ACTIVITY: What is needed is an exact copy of the lines from the start of the records below through the line with "EcoNugenics PectaClear Detox", without the pictures.

○ ○ ○ ○

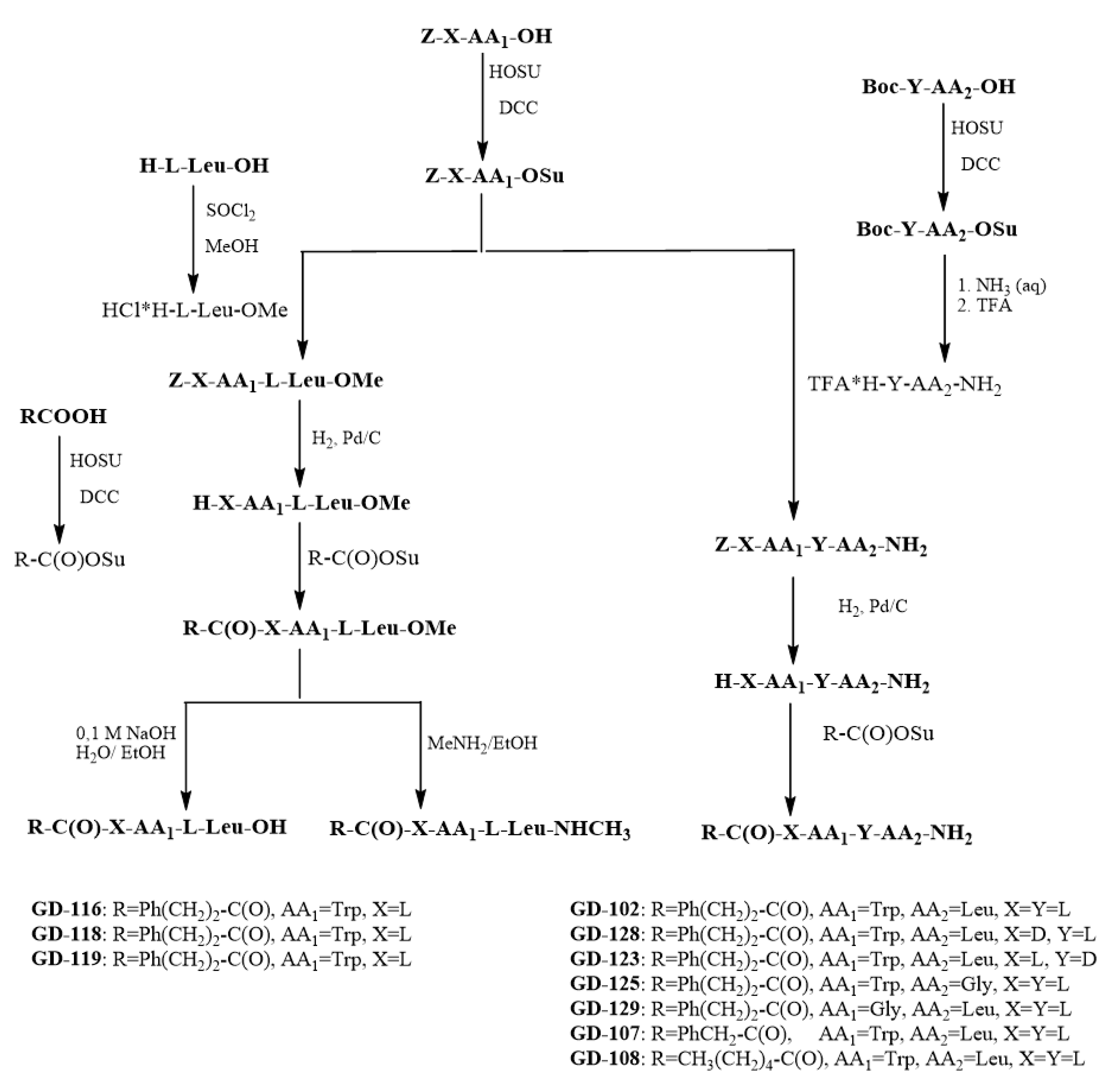 Molecules Free Full Text The New Dipeptide Tspo Ligands Design Synthesis And Structure Anxiolytic Activity Relationship Html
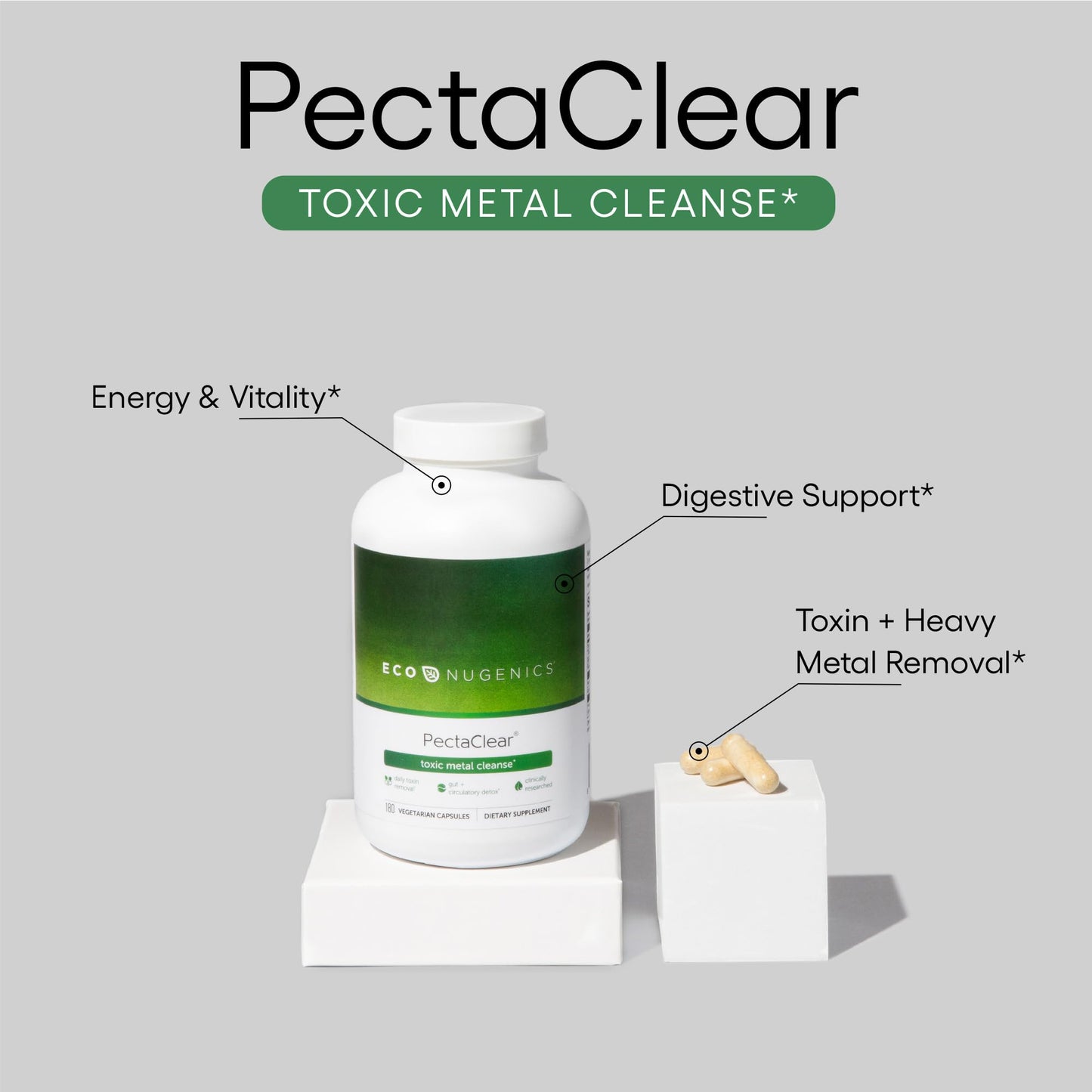 EcoNugenics PectaClear Detox Supplement for Toxic Metal Cleanse - Naturally & Safely Eliminates Toxins for Gut, Liver & Kidney Detox & Repair - Helps with Energy, Weight, Hormone Balance - 60 Capsules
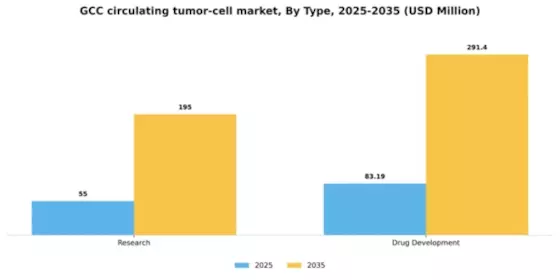 GCC Circulating Tumor Cell Market Segment Image 2
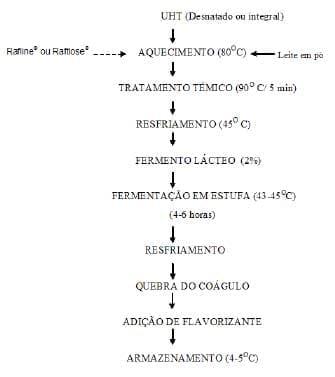 Mycotoxins in Corn-Based Food Products Consumed in Brazil: An Exposure Assessment for Fumonisins - Image 3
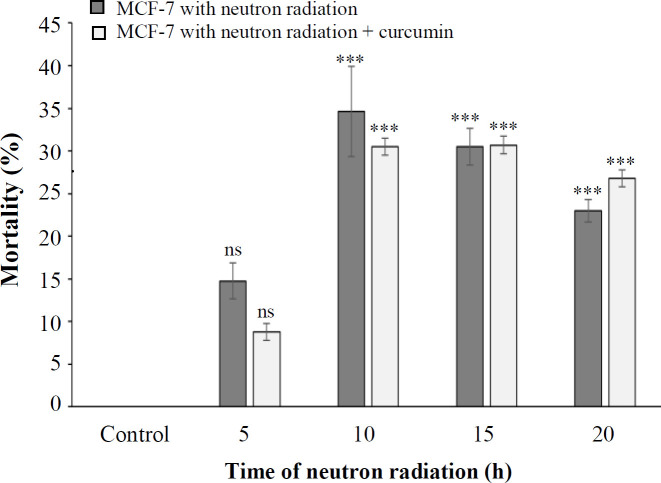 Combined Effect of Neutron Radiation and Curcumin on Breast Cancer Cells Cytotoxicity in 3D Culture Medium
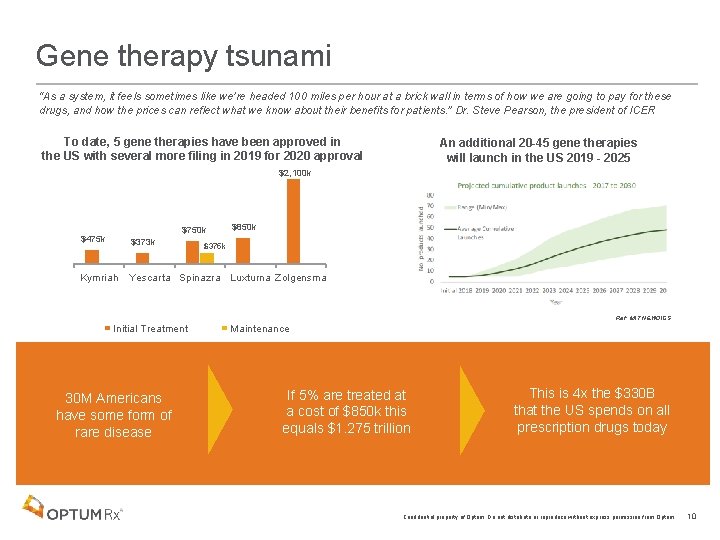 Gene therapy tsunami “As a system, it feels sometimes like we’re headed 100 miles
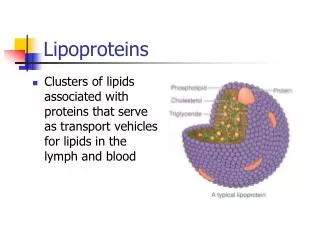 Lipoproteins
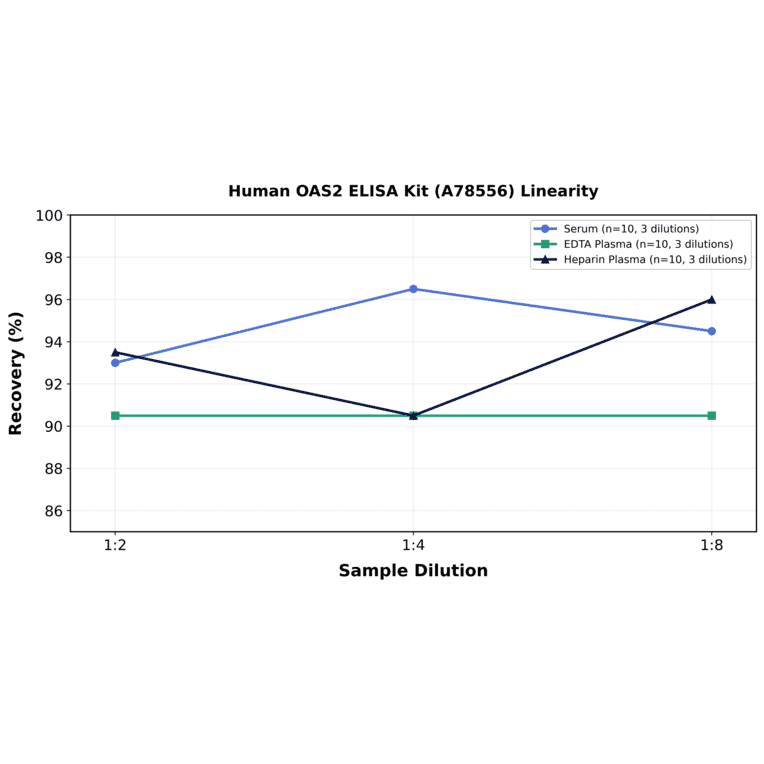 Linearity - Human OAS2 ELISA Kit (A78556) - Antibodies.com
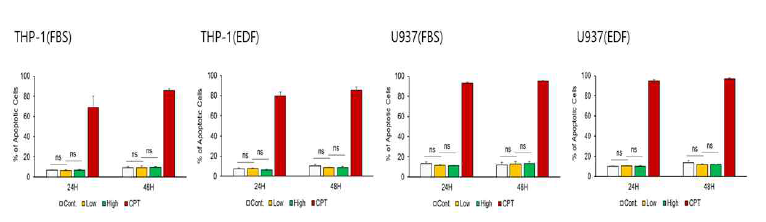 중간엽 줄기세포 유래 세포외소포(UC-EV)의 in vitro 세포독성 영향 검증_Annexin V Assay for THP-1 & U937). n=3 *P＜0.05, **P＜0.01, ***P＜0.001, ****P＜0.0001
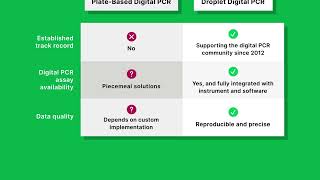 Did You Know ddPCR™ Technology Offers Advantages Over PlateBased dPCR for Viral Titer Determination [upl. by Pardew992]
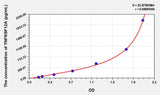 Human TNFRSF12A(Tumor Necrosis Factor Receptor Superfamily, Member 12A) ELISA Kit 96T*5
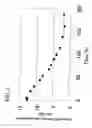 Fig. 03 - AMMONIA TRANSPORTER GENE AND USE THEREOF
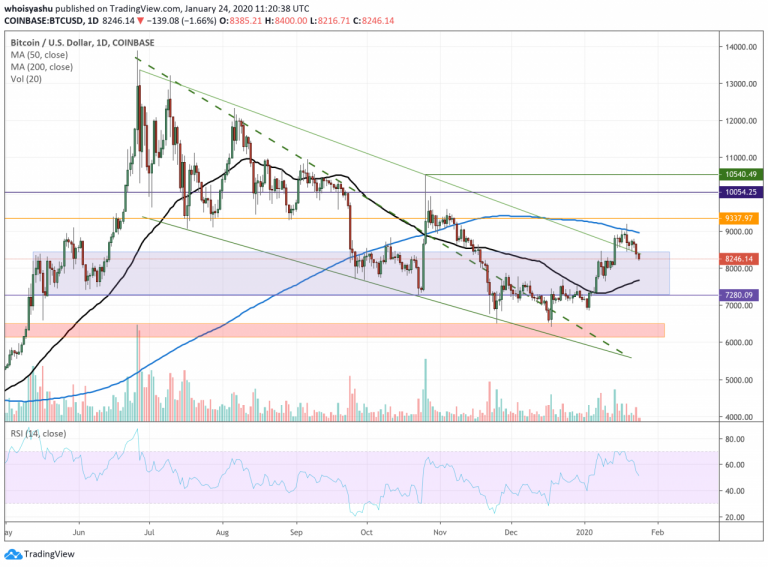 Bitcoin is Tanking Despite Coronavirus Fears, Showing Lack of ...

○ ○ ○ ○

SOLUTION TO THE PROBLEM:
 Molecules Free Full Text The New Dipeptide Tspo Ligands Design Synthesis And Structure Anxiolytic Activity Relationship Html
 EcoNugenics PectaClear Detox Supplement for Toxic Metal Cleanse - Naturally & Safely Eliminates Toxins for Gut, Liver & Kidney Detox & Repair - Helps with Energy, Weight, Hormone Balance - 60 Capsules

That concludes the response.